C'est donc le coeur serein qu'on prend le chemin de l'aéroport de Trivandrum. Une escale à Kuala Lumpur et 36h plus tard, on devrait arriver à Beijing!

Les backwaters


Le 7 septembre, il y a eu une grève générale de décrétée dans tout l'état du Kerala. Le train n'étant pas affecté, on l'a pris de Kochi à Alleppey. Comme on a quitté tôt le matin, on ne se surprenait pas de ne pas voir trop d'activité. La surprise, on l'a eue arrivés à Alleppey, en voyant que les rues étaient désertes... Une vraie ville fantôme! Le contraste est fort comparé à l'animation habituelle des villes indiennes. C'était presque épeurant. Tous les commerces étaient fermés, il n'y avait personne sur les rues, pas de circulation, pas d'autobus, pas même de rickshaws! Ça sentait l'alerte à la bombe nucléaire plutôt que la grève. D'ailleurs, personne n'a réussi à nous expliquer pourquoi ils étaient en grève, et on a même entendu des commentaires du genre "nous, les kéralais, on est paresseux, on prend n'importe quelle occasion pour ne pas travailler". Tu parles d'un peuple fier! Après vérifications sur le web, il s'agit d'une grève d'envergure jusque-là inégalée pour l'Inde depuis les années 60, initiée par rien de moins que huit syndicats majeurs en Inde, pour protester contre le non-respect des normes du travail, la hausse des prix et le manque de partenariats public-privé. Hum, d'un oeil occidental ça semble un peu éparpillé... Il est évident que la majorité des Indiens ne se sent pas concernée par ces enjeux.
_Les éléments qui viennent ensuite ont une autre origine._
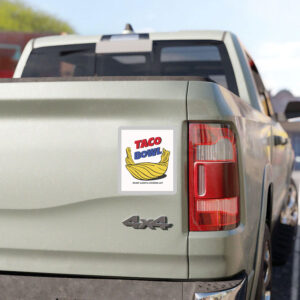 TACO Bowl Trump Always Chickens Out Sticker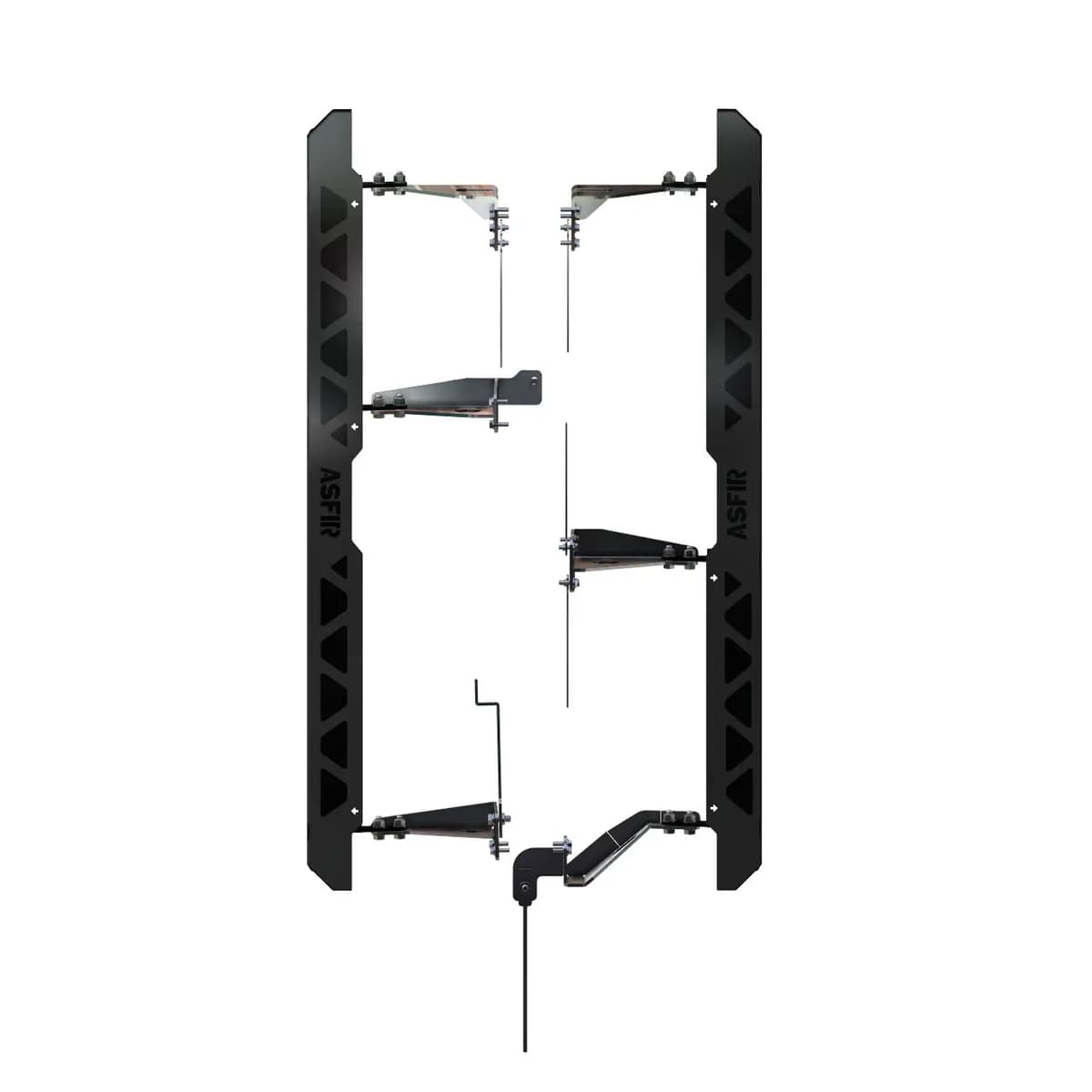 Toyota Land Cruiser Prado 150 Rock Sliders | with KDSS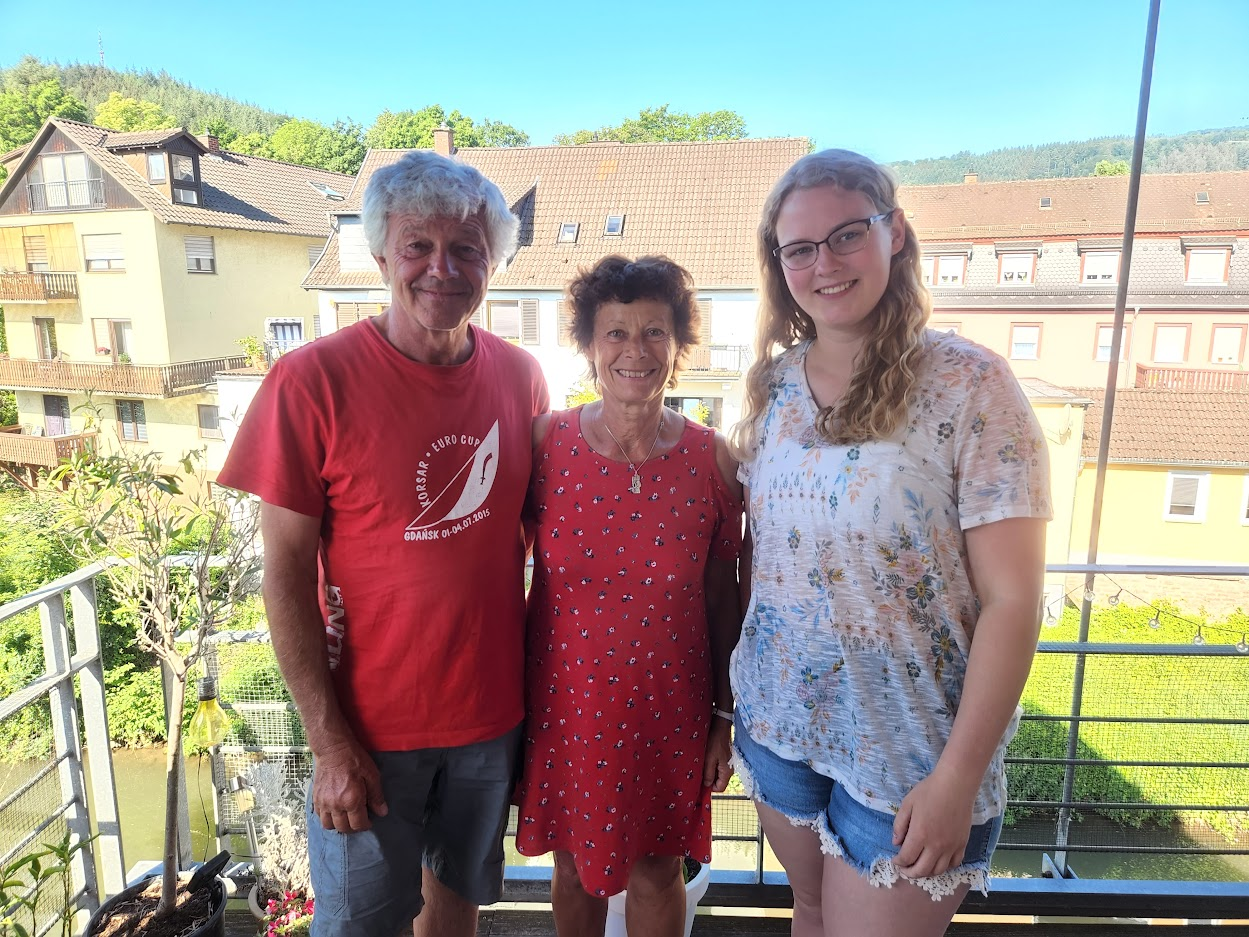 Allie with her host family in Neckargemünd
Le plus drôle c'est qu'au lieu de faire réagir la population, de la sensibiliser à la cause, celle-ci en profite pour rester tranquille à la maison!

N'empêche qu'à un moment on se questionnait sérieusement quant à ce qu'on allait bien pouvoir trouver à manger. C'est une drôle de sensation que de retrouver ses besoins de base compromis, ça fait réaliser bien des choses. Finalement, on a trouvé un homme qui vendait des bouteilles d'eau et des chips, en cachette, de peur d'avoir des représailles à cause de son manque de solidarité. Ça nous a dépanné pour le dîner, et on a eu la chance de trouver un resto ouvert pour le souper.

Allepey fut le point de départ d'une traversée magique vers Quilon dans les backwaters, ce labyrinthe de lagunes formant des routes, des ruelles et des carrefours. Ce véritable réseau de voies aquatique grouille d'activité: on peut y voir des femmes faire leur lessive sur les rives ainsi que de nombreux pêcheurs à l'oeuvre dans de mignons petits bateaux multicolores. Fait étonnant, on s'est retrouvés seuls avec les cinq membres de l'équipage dans un bateau assez grand pour cinquante! En fait, c'est un organisme gouvernemental qui vend ces "croisières". Le bateau part donc à chaque jour, peut importe le nombre de sièges vendus. C'est pas mal moins beau que les houseboats des compagnies privées, mais pas mal moins cher aussi! Ce fut également l'occasion d'échanges rafraîchissants, les Kéralais se donnent peut-être la réputation d'être paresseux, mais ce sont des interlocuteurs intéressants et différents: le Kérala est l'état indien ayant le plus haut taux d'alphabétisation du pays, le nombre moyen d'enfant par foyer est de 1.8 et près de 90% des femmes sont scolarisées. On est loin du stéréotype indien!

Kochi

Après un paisible petit séjour en montagne, le retour dans une ville typiquement indienne, avec ses klaxons et sa folie, a eu l'effet d'une douche froide. Il faut dire que le quartier où l'on a choisi de dormir, Ernakulam, a autant de charme qu'un mal de dents. Le truc touristique, ici, c'est Fort Cochin, un petit village à l'allure un peu coloniale dont le développement a été influencé par les Portuguais et les Néerlandais. Outre l'ambiance, on y retrouve également des filets à pêche forts particuliers, un vestige de relations commerciales avec la Chine.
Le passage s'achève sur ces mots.